Repeat the listing that follows character for character, omitting images.

Data shown>
....

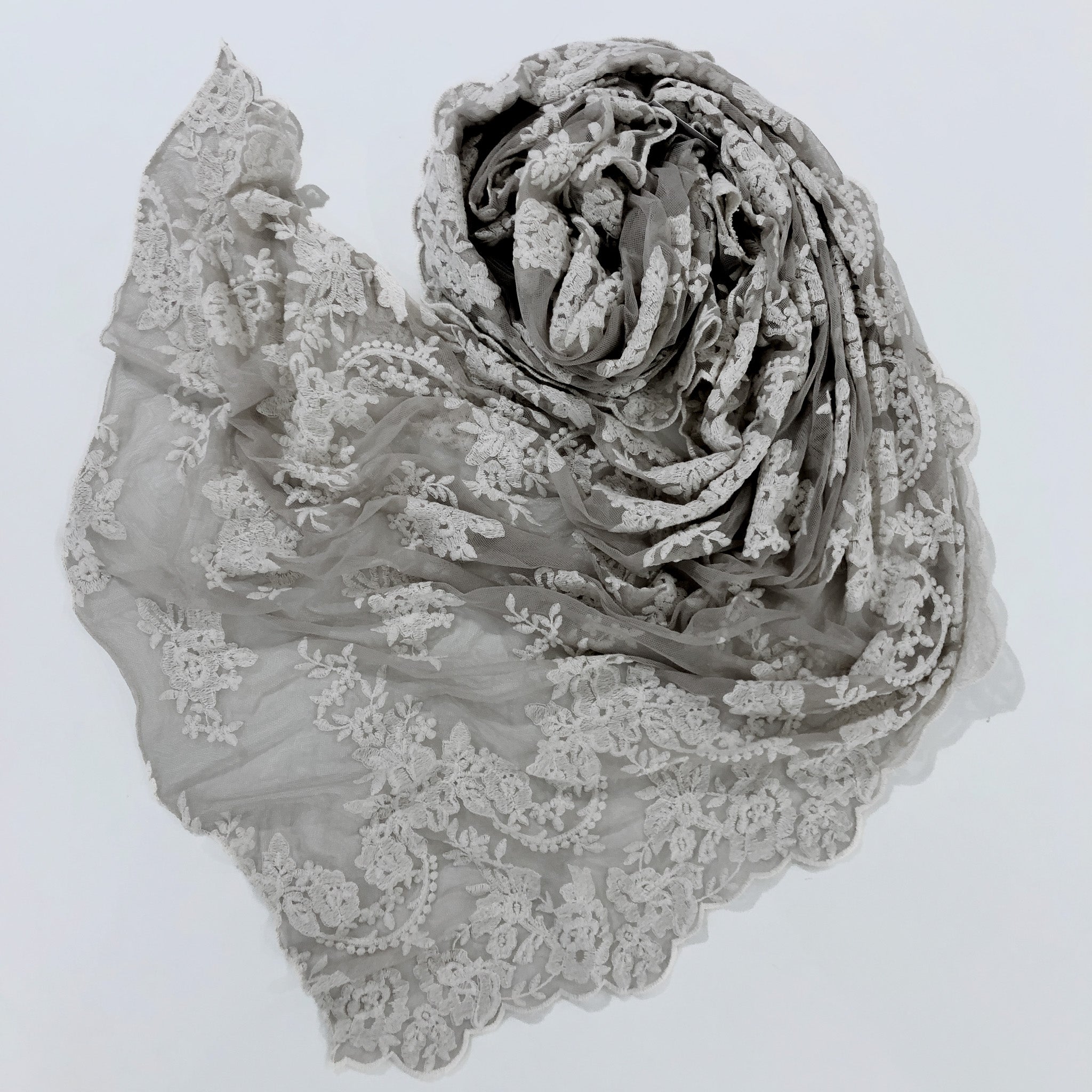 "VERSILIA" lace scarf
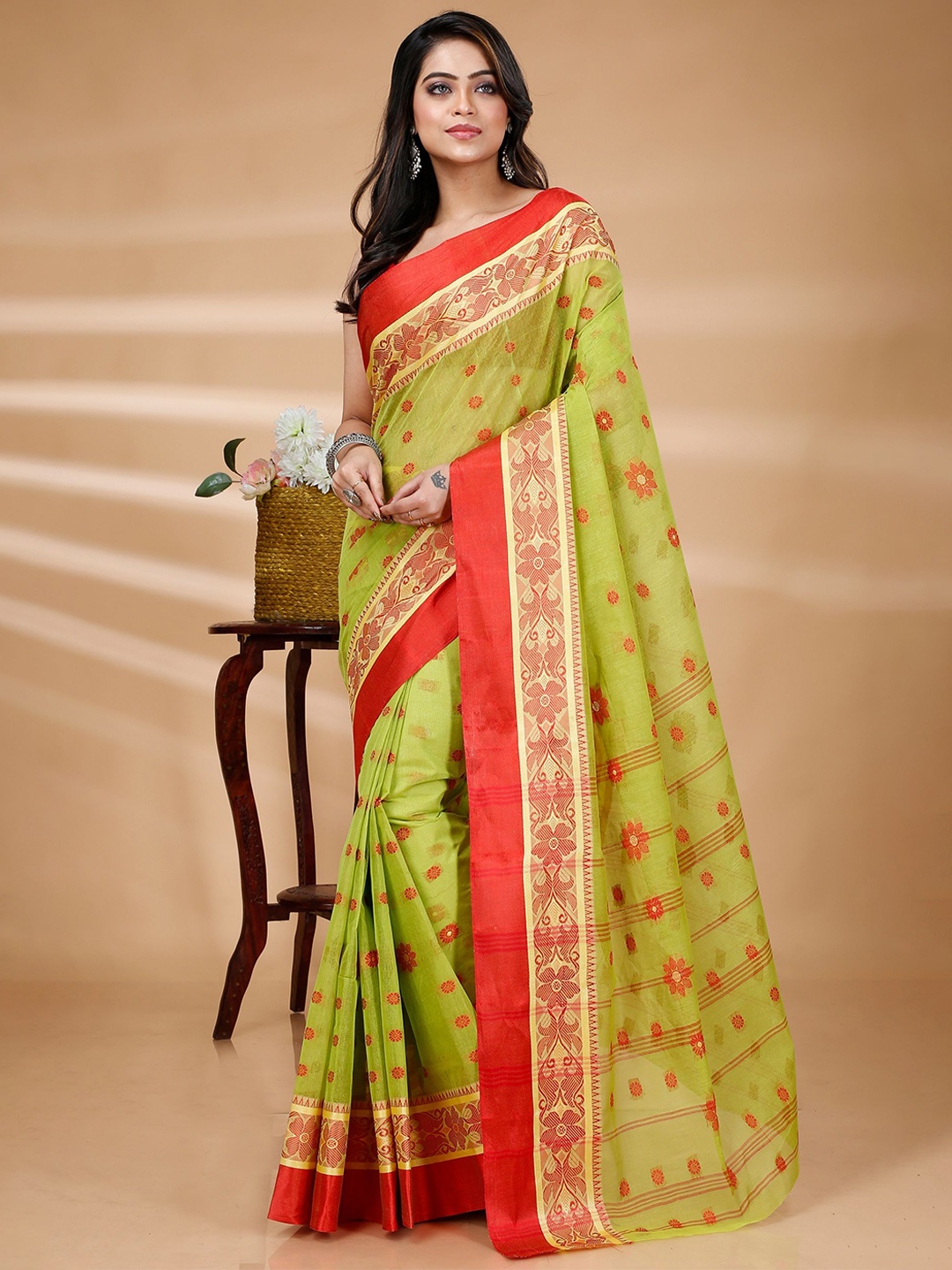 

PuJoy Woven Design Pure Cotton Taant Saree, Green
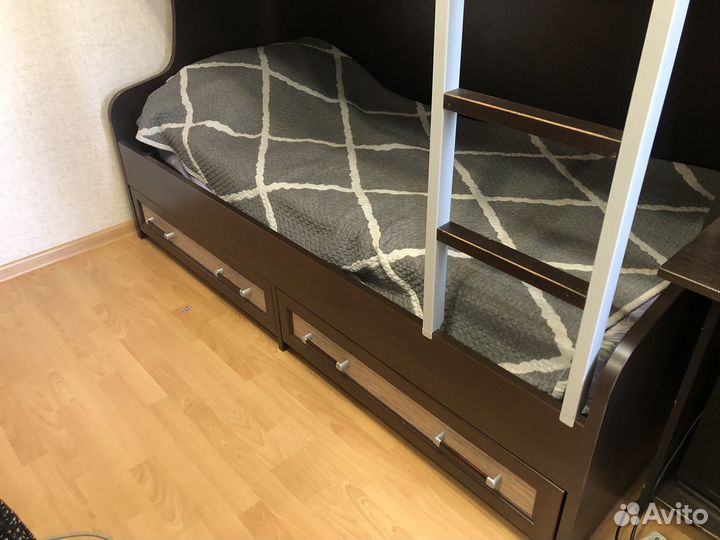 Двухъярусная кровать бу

....

Answer to the problem>
 "VERSILIA" lace scarf

PuJoy Woven Design Pure Cotton Taant Saree, Green
 Двухъярусная кровать бу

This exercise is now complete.